An der D* GmbH halten die F* GmbH (92%), Dr. G* und Dr. M. A. H* (jeweils 4% bzw 1.400 von 35.000) Anteile.
An der F* GmbH, FN , hält Dr. I 88,34% der Anteile (bzw 10.869,50 von 12.304). Die übrigen Anteile sind zwischen DI Dr. J (4,5 %) und der K* L* GmbH, FN *, (7,15%) aufgeteilt, deren Anteile im Alleineigentum von Dr. M gehalten werden.
Dr. I* ist gleichzeitig der Geschäftsführer der Klägerin, der F* GmbH und der D* GmbH.
Die Klägerin verfügt über keine Einkünfte und hat kein Vermögen. Sie hat Verbindlichkeiten in der Höhe von insgesamt EUR 593.477. Es bestehen Verbindlichkeiten in der Höhe von EUR 299.896,48 gegenüber der N* und rund 80.000 gegenüber der O* GmbH. Die Stammeinlage wurde von den Gesellschaftern vollständig geleistet. Mit Beschluss vom 24. November 2021, **, wurde hg das Konkursverfahren eröffnet und mit Beschluss vom 12. Dezember 2023 nach Annahme und Bestätigung des Sanierungsplans der Konkurs aufgehoben.

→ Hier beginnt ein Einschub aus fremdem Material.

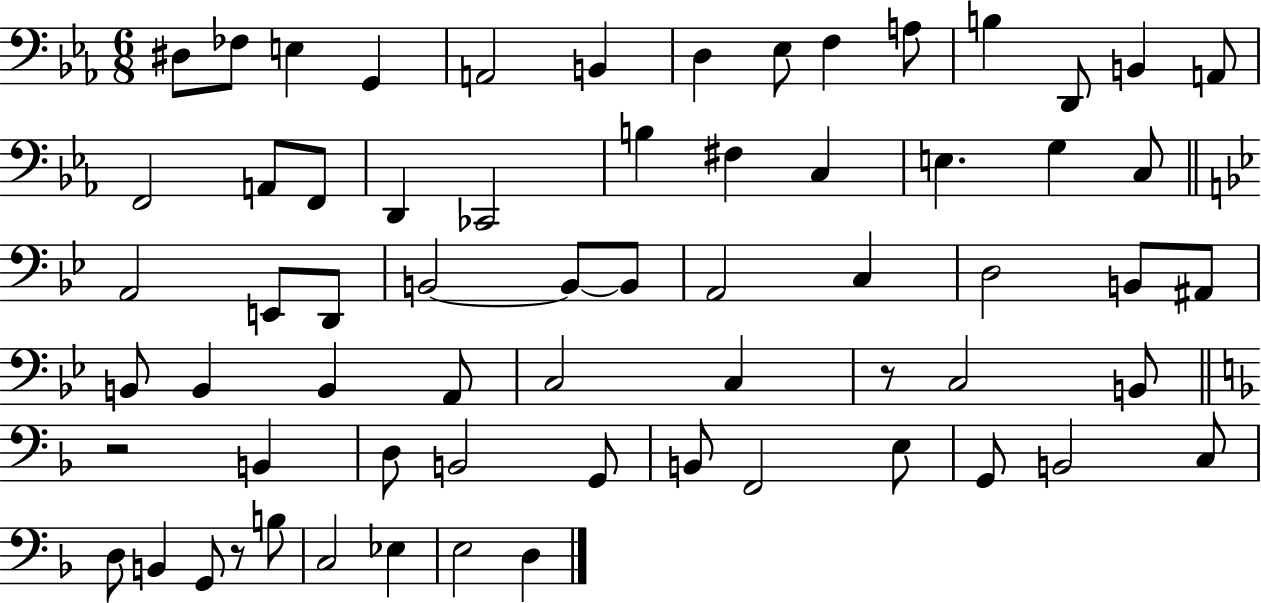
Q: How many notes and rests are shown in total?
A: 65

Die D* GmbH hält neben den Geschäftsanteilen an der Klägerin auch alle Anteile an der P* GmbH, FN *. Sie verfügt über Konzession oder Lizenzrechte, die mit EUR 1.531 in den Bilanzen 2024 und 2023 bewertet wurden. Wesentliche Sachanlagen hat sie nicht. Sie hat Forderungen gegenüber (konzern)verbundenen Unternehmen in der Höhe von rund EUR 600.000. Sie hat Verbindlichkeiten gegenüber Dr. I in der Höhe von EUR 1.264,670,84, welche von diesem gestundet wurden. Darüber hinaus bestehen Verbindlichkeiten aus einem Darlehen in der Höhe von EUR 785.906,44 und aus Lieferung und Leistung in der Höhe von EUR 132.711,92. Die Stammeinlage wurde von den Gesellschaftern vollständig geleistet.

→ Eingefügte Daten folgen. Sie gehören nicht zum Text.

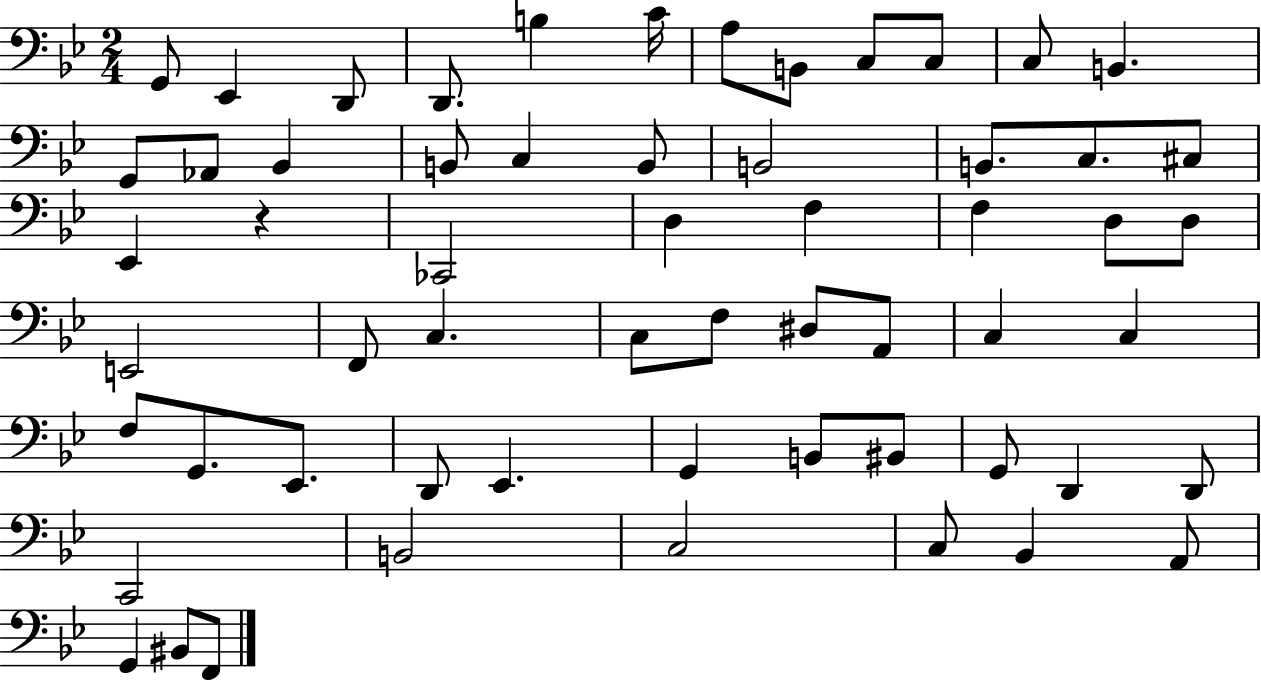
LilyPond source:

{
  \clef bass
  \numericTimeSignature
  \time 2/4
  \key bes \major
  g,8 ees,4 d,8 | d,8. b4 c'16 | a8 b,8 c8 c8 | c8 b,4. | \break g,8 aes,8 bes,4 | b,8 c4 b,8 | b,2 | b,8. c8. cis8 | \break ees,4 r4 | ces,2 | d4 f4 | f4 d8 d8 | \break e,2 | f,8 c4. | c8 f8 dis8 a,8 | c4 c4 | \break f8 g,8. ees,8. | d,8 ees,4. | g,4 b,8 bis,8 | g,8 d,4 d,8 | \break c,2 | b,2 | c2 | c8 bes,4 a,8 | \break g,4 bis,8 f,8 | \bar "|."
}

Die F* GmbH hat 2024 und 2023 einen Jahresgewinn von EUR 23.052,96 (Gewinnvortrag EUR 345.870) erwirtschaftet. Dem stehen Forderungen aus einem Darlehen in der Höhe von rund EUR 508.000 und Verbindlichkeiten aus Lieferungen und Leistungen in der Höhe von EUR 23.456,69 gegenüber. Die Stammeinlage wurde von den Gesellschaftern vollständig geleistet.
Dr. I* ist Arbeitnehmer mit einem monatlichen Bezug von EUR 5.979,71 (Jahresgesamteinkommen netto EUR 71.756,58). Er verfügt, neben den Geschäftsanteilen an der F* GmbH, auch an Anteilen an der Q*, FN *, und an der R gmbh, FN **.
Die Q* wurde im Juni 2024 errichtet. Es kann nicht festgestellt werden, ob daraus ein Gewinn gezogen wird.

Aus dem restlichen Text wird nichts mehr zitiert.